The atmosphere in which you sleep is also critical to quality. Many people stare at phones or television screens until the moment they close their eyes, but this can actually keep you awake. Also, the room's temperature should be comfortable, and devoid of bright lights. A calming activity like reading a book or taking a warm bath before bed will also help to facilitate the process, improving the process of getting to sleep and the quality of the REM cycle.

When to see a doctor about nightmares

If your best efforts have failed to get nightmares under control it's likely time to seek professional help. Take your sleep diary to the first appointment to help the physician or therapist get a clear picture of the frequency and severity of your nightmares. Also, make sure to have a list of all of your medications, medical history, and any other problematic symptoms that could be related. The doctor may end up diagnosing you with some type of sleep or mental health disorder, treatable with a combination of medication and therapy.


A full sleep study may be required to make a diagnosis. Among other things, the sleep study could diagnose sleep apnea, which most people refer to as snoring. Sleep apnea is related to nightmares because the former causes the body to be periodically deprived of oxygen — this upsets the body, which stresses out the brain, leading to terrifying or anxiety-filled dreams. Often, solving the sleep apnea issue will resolve excessive nightmares.

When therapy becomes necessary for nightmares

If the underlying cause of nightmares is determined to not be something medical, the next step is to seek some sort of behavioral therapy to correct the issue. A lot of people balk at the idea of therapy, but frequent nightmares are symptomatic that something else is going on, and can often be effectively treated by a licensed professional.
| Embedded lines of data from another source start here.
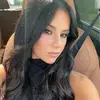 Ava Palmer - @avapalmer8 - TikTok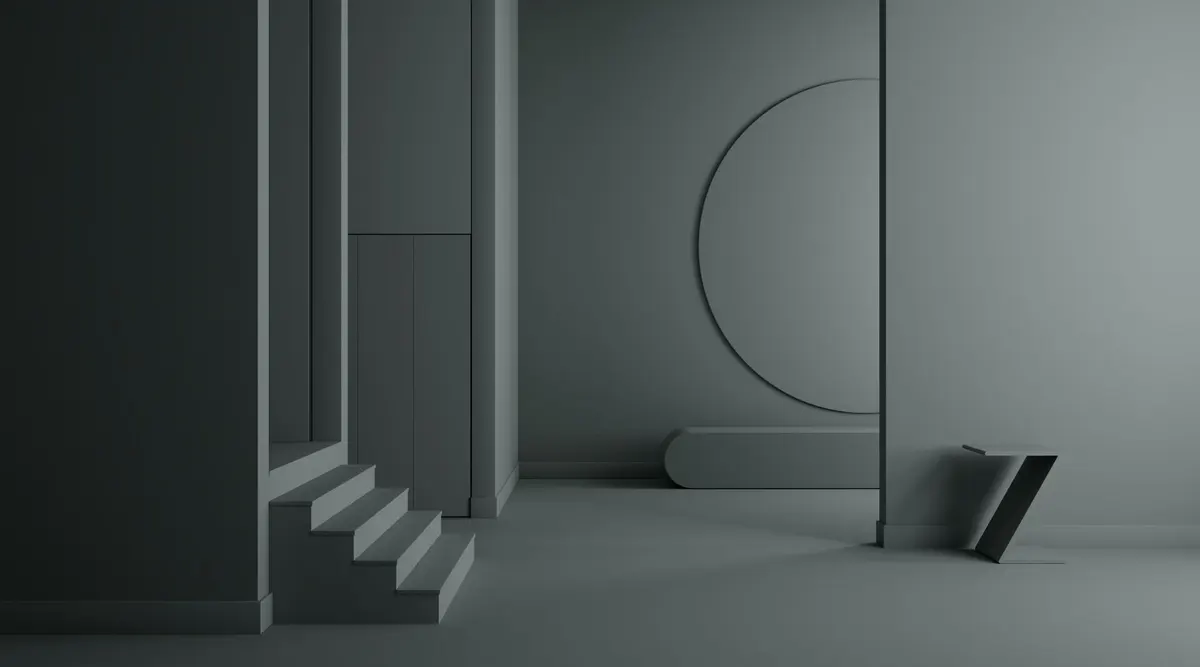Install_02
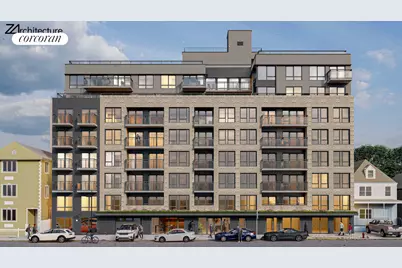 428 E 9th Street #703, New York City, NY 11218 - Photo 23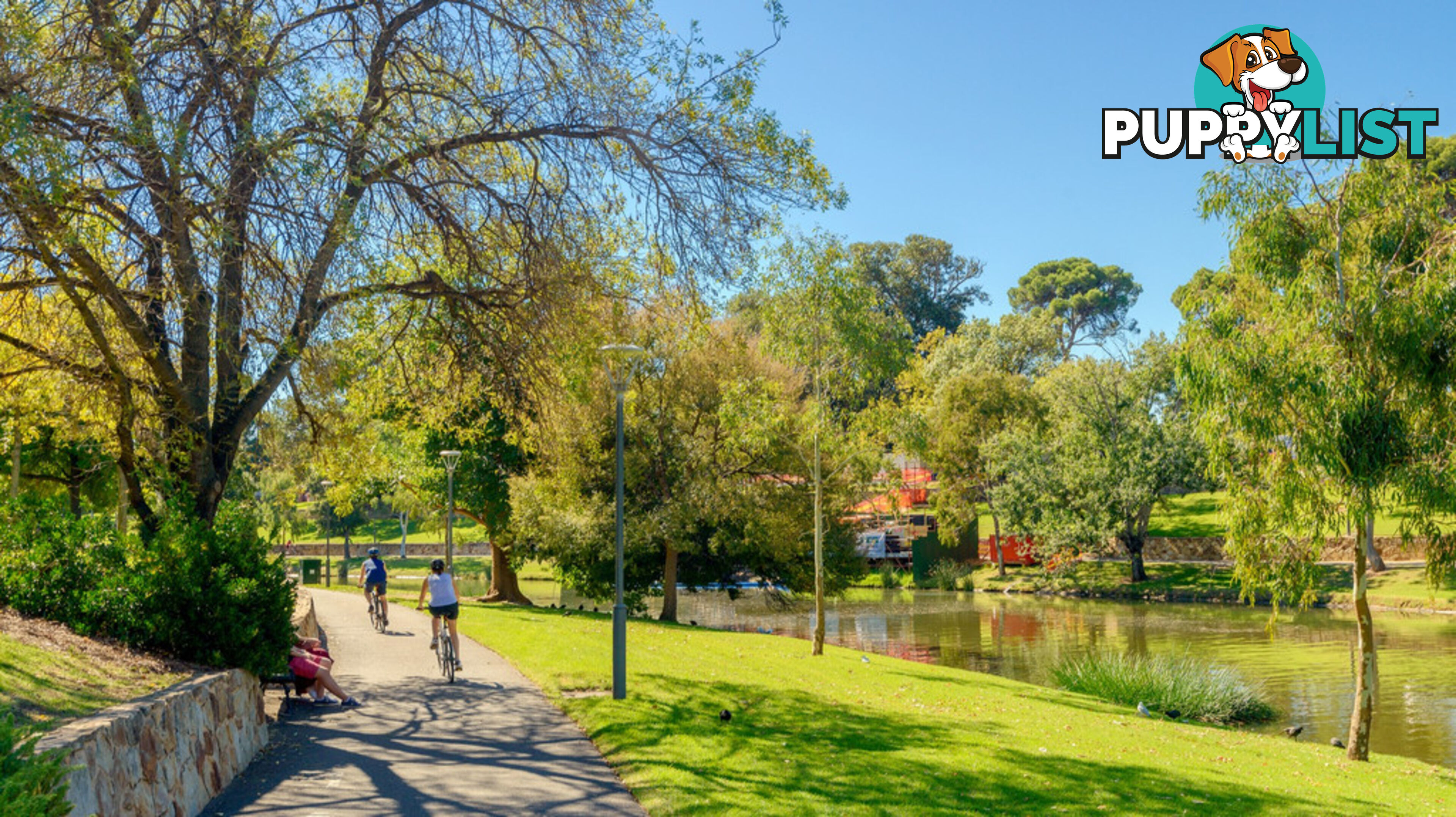 33 & 33a McKay Avenue WINDSOR GARDENS SA 5087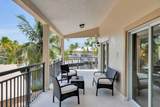 505 Caribbean Drive - Photo 41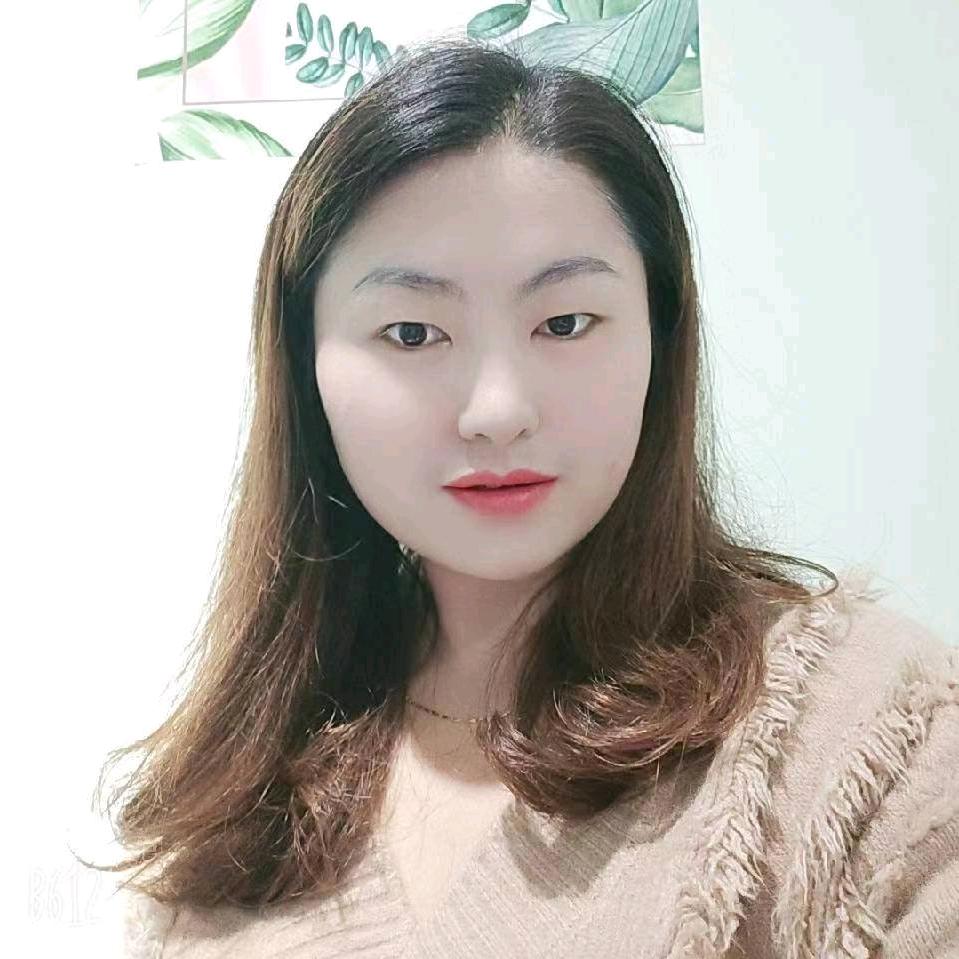 李家丫头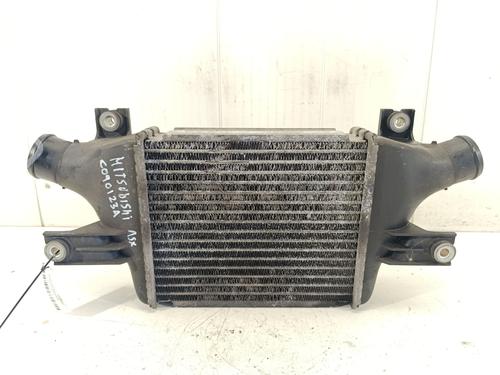 Używane Intercooler / Chłodnica powietrza doładowującego MITSUBISHI ASX (GA_W_) [2009-2025]  26441169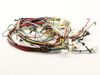 Assembly WIRE HARNESS-A;FE-R – Part Number: DG96-00150B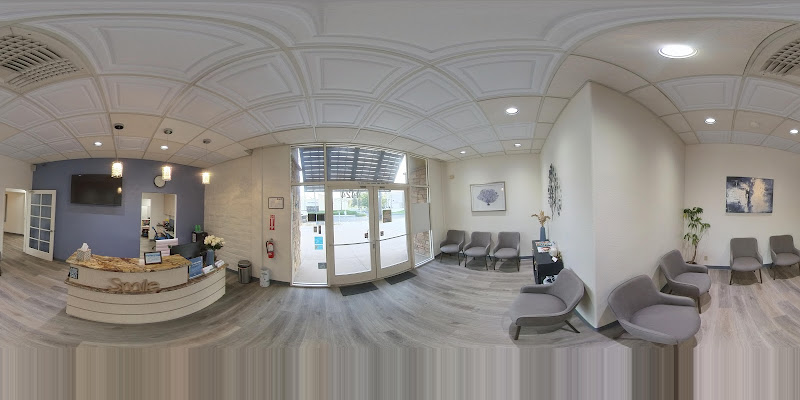 Bonita Family Dental 4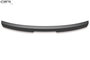 CSR-Automotive-Vw-ID3-Achterklep-Spoiler-Extention-HF620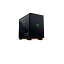 RAZER(쥤) PC Tomahawk Mini-ITX RC21-01400100-R3M1 RC2101400100R3M1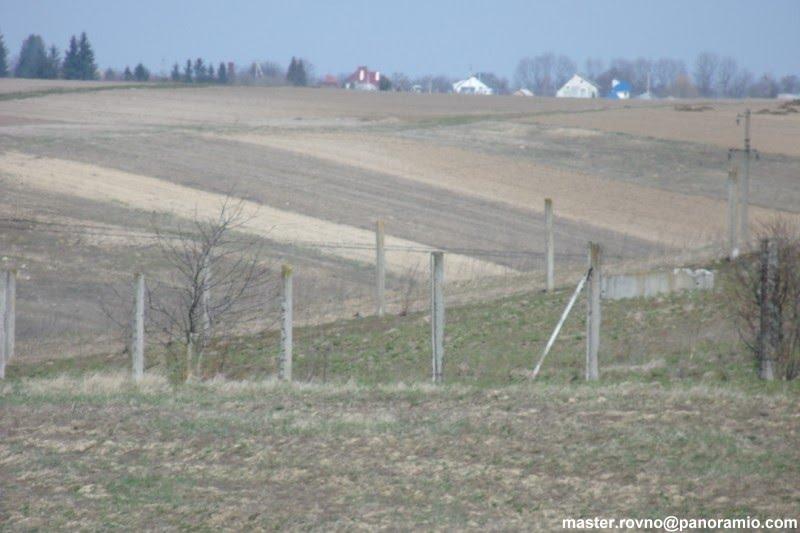 Обарів з panoramio.com - Обаров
First, the therapist will work to identify the potential causes of the nightmares. Sometimes this is pretty obvious, as in cases where a patient has PTSD from a specific event. Other times, it takes a little more digging to figure it out. Once identified, the therapist can help the patient work through the feelings so that they're not bubbling up in the overnight hours. Many therapists also teach people to manage their stress better. This can lower anxiety, helping sleep to be a more seamless process.

Innovative ways that therapists treat nightmare disorder

Occasionally, nightmares are about a specific fear. Some therapists will practice systematic desensitization, which exposes the person to their fear in gradual steps. So, the person who's having recurring nightmares about growling dogs might be exposed to pictures, then videos, then actual dogs until they can become more comfortable around canines. This is all done while practicing helpful relaxation techniques.


Or, the therapist can walk the patient through alternative endings to their dreams. Known as "imagery rehearsal therapy," this method seeks to reprogram the bad dreams, rather than wipe them out altogether. The patient writes down the details of the nightmare, then rewrites the ending to give it a more positive spin. The patient is then directed to act out the alternate ending (verbally or in their mind) before bedtime. This reprogramming has been shown to be effective in lessening the severity of nightmares, as well as how often they happen. A dream come true, indeed!